## Your instructions
Your answer must restate the listing below word for word and contain no images.

## Supplied material

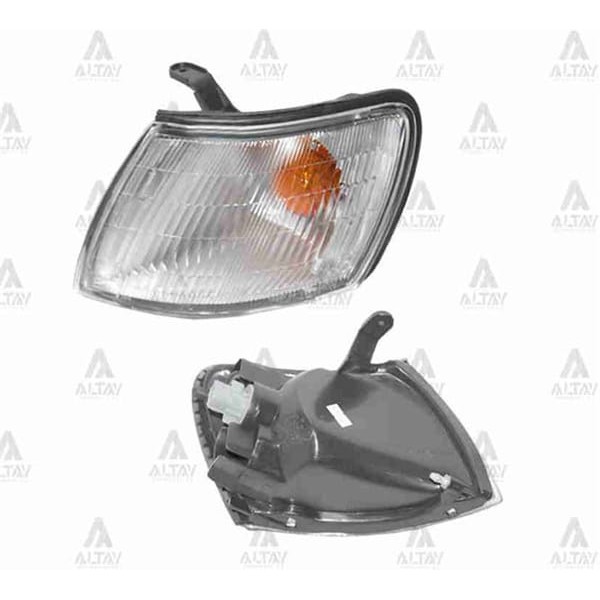 DEPO 212-1580R-AE Sinyal Lambası Ön Sağ- Duylu Ampullu - Toyota Carına-E 96-97 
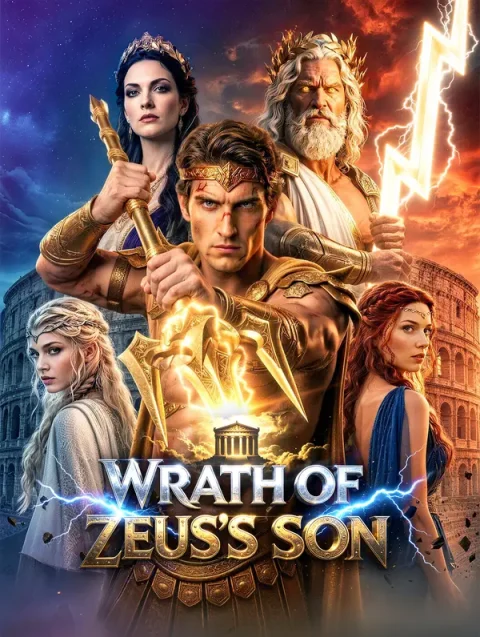Wrath of Zeus’s Son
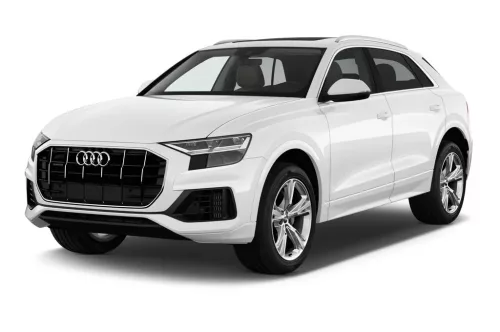 AUDI Q8 (bez trysky ve stěračích) BOSCH AEROTWIN PRO STĚRAČE (2018-)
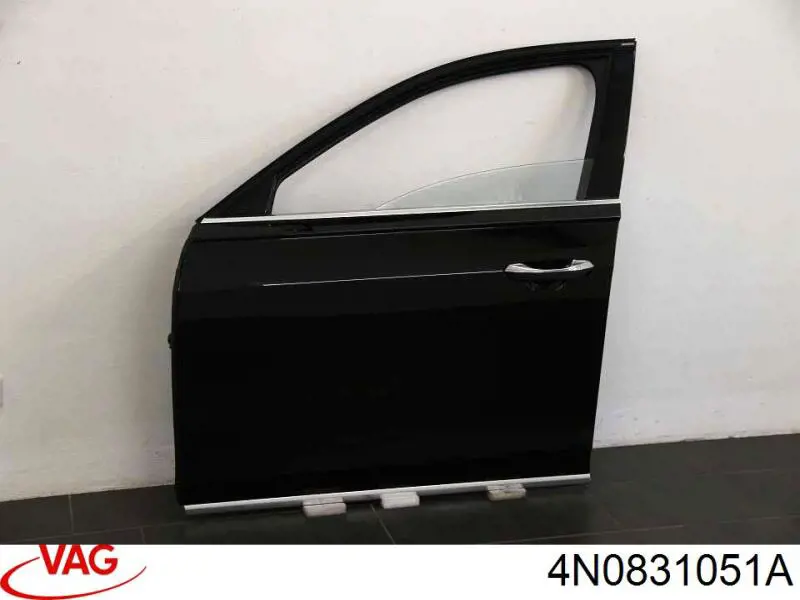 Купить 4N0831051A VAG Дверь передняя, левая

## Solution for this task
 DEPO 212-1580R-AE Sinyal Lambası Ön Sağ- Duylu Ampullu - Toyota Carına-E 96-97 
Wrath of Zeus’s Son
 AUDI Q8 (bez trysky ve stěračích) BOSCH AEROTWIN PRO STĚRAČE (2018-)
 Купить 4N0831051A VAG Дверь передняя, левая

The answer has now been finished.